So, let’s get this straight.
Austin is responsible for picking up litter, paying for landfill space, clearing out the debris that clogs stormwater drainage pipes and protecting the wildlife along city waterways that could choke on discarded plastic bags.
But cities can’t regulate the disposable plastic bags that contribute to all those problems.
The Texas Supreme Court’s recent ruling striking down Laredo’s plastic bag ban, likely dooming similar bans in Austin and other cities, illustrates the absurdity of the tug-of-war over local control.
State officials use their power to dissolve local ordinances they don’t agree with. Cities are stuck with the costs — financial and otherwise — of problems they’re not allowed to address.

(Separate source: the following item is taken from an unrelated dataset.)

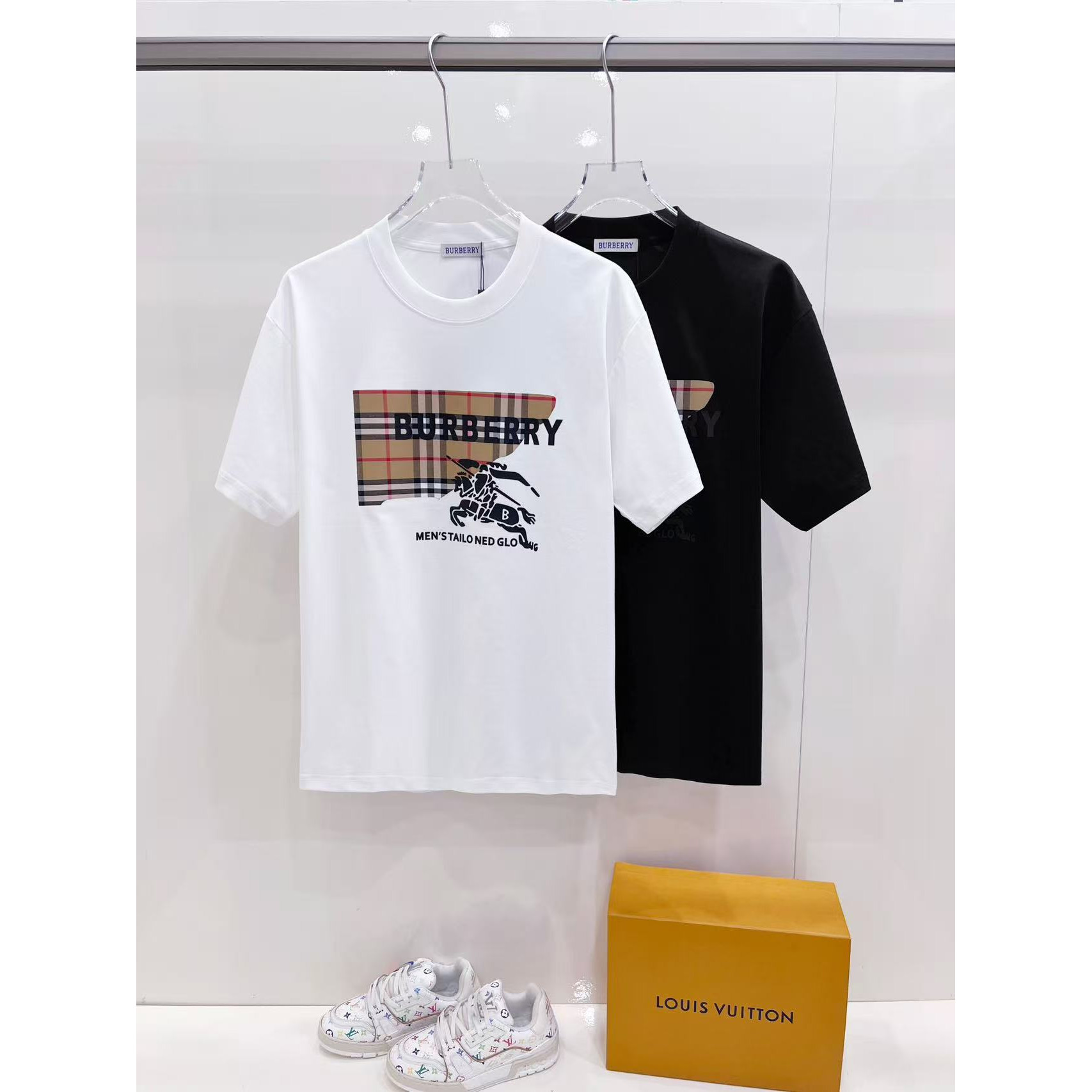 <p>BURBERRY 短袖圆领T恤(黑)</p>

We’ve seen this show before, with the Legislature last year overturning the will of Austin voters on ride-hailing regulations for services like Uber and Lyft, and two years earlier overriding the decision by Denton voters to ban hydraulic fracking in their community.
Lawmakers couldn’t muster enough votes last year to kill city tree ordinances, outlaw transgender-friendly bathroom policies or further limit cities’ taxing abilities — all issues of local concern best left in the hands of local officials who are most responsive to the people they represent. But we expect the Legislature to resume those ideologically-driven battles when lawmakers return next year.

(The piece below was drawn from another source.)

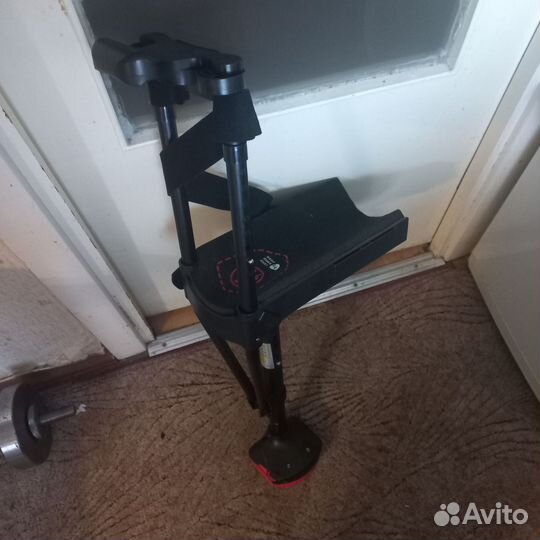 Опорный подколенный костыль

Indeed, if Gov. Greg Abbott had his way, there would be “a broad-based law by the state of Texas that says across the board, the state is going to pre-empt local regulations,” the governor told the Texas Conservative Coalition Research Institute last year.
While many of the local control battles have been waged at the statehouse, the plastic bag ban was decided by the all-Republican Texas Supreme Court, which opened its 19-page ruling by noting: “The roving, roiling debate over local control of public affairs has not, with increased age, lost any of its vigor.”

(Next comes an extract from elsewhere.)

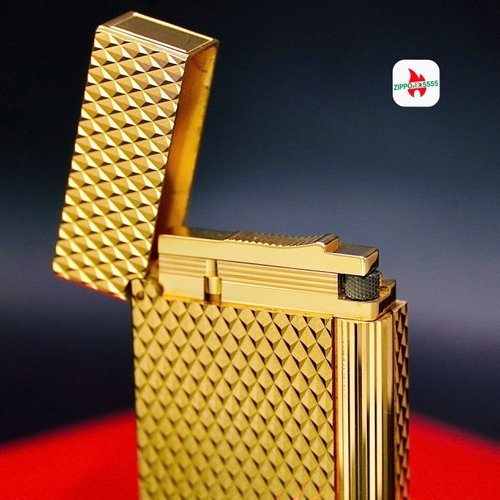 S.T. Dupont Ligne 2 form cao thập niên 1980s. Toàn thân mạ vàng, Vân kim cương tam giác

Nor have cities found a way to gain the upper hand, even when the benefit to the public is clear.
Austin’s plastic bag ban, which went into effect in 2013, led to Austinites using nearly 200 million fewer plastic bags a year, according to a 2015 report commissioned by the city. In that same report, crews with Austin’s Watershed Protection Department reported an “overwhelming decrease” in the bags they found littering waterways and clogging drainage areas, and the Austin Parks Foundation reported a 90 percent drop in plastic bags littering the city’s parks and trails.
Even so, Austin’s measure needed more work. The city ordinance allowed thicker, reusable plastic bags to be sold to customers who didn’t bring their own bags to the store. Unfortunately, far too many of those bags became throwaway items. Austinites sent an estimated 23 tons of those heavier plastic bags a year to the city’s recycling centers, the 2015 report found, nearly offsetting the benefit of keeping the single-use bags out of the recycling stream. And the recycling centers used by the city aren’t set up to recycle plastic film, so those bags end up in the landfill.
Texas law prohibits cities from regulating “containers” or “packages” in the realm of managing garbage. The Texas Supreme Court extended the reading of that law to prohibit cities from regulating disposable plastic bags that may someday become litter. The court’s ruling took a statute that had the stated purpose of protecting the environment and reducing waste, and used it to nullify municipal plastic bag bans that serve those very goals.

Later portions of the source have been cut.